Exercise brief:
From the line containing "Used 2023 Chevrolet" down to the line containing "32 Denston Way, Girrawheen" in the records below, reproduce every line exactly, ends included, and omit all others.

Data:
※
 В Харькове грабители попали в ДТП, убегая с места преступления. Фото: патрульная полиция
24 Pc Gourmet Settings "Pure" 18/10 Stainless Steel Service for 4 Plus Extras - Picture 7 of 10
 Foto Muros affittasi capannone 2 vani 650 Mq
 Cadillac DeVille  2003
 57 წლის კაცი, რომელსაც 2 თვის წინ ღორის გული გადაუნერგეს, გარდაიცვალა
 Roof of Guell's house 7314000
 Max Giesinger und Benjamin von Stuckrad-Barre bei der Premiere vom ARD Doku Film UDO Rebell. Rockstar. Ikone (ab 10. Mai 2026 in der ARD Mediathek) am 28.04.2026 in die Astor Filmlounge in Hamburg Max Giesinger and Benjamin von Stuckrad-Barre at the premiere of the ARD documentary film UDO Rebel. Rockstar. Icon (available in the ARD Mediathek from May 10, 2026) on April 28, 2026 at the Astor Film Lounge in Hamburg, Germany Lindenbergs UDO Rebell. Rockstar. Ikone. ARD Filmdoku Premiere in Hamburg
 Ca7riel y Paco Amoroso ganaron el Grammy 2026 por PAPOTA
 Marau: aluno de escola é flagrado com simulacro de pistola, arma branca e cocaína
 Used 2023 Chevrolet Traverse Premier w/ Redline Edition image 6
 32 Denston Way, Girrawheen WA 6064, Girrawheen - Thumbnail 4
※
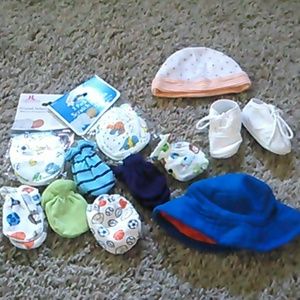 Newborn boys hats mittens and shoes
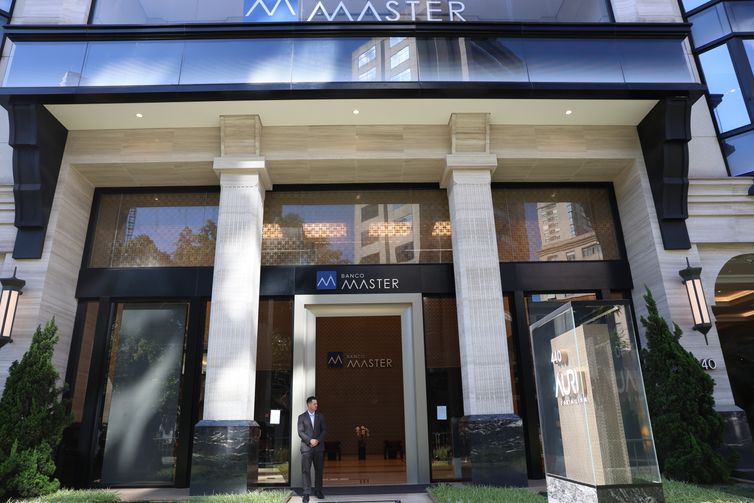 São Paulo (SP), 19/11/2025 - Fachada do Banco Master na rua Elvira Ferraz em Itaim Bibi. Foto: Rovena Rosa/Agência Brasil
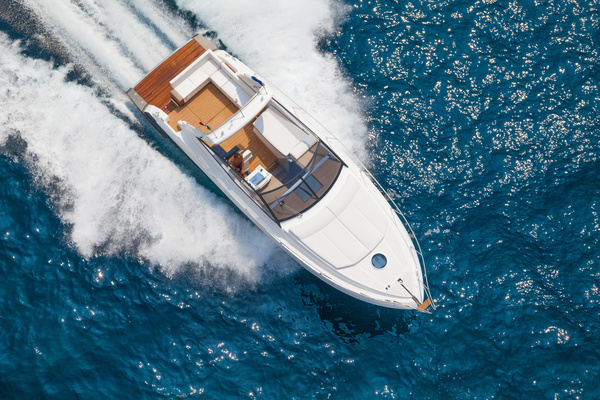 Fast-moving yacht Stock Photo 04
※
Exercise answer:
 Used 2023 Chevrolet Traverse Premier w/ Redline Edition image 6
 32 Denston Way, Girrawheen WA 6064, Girrawheen - Thumbnail 4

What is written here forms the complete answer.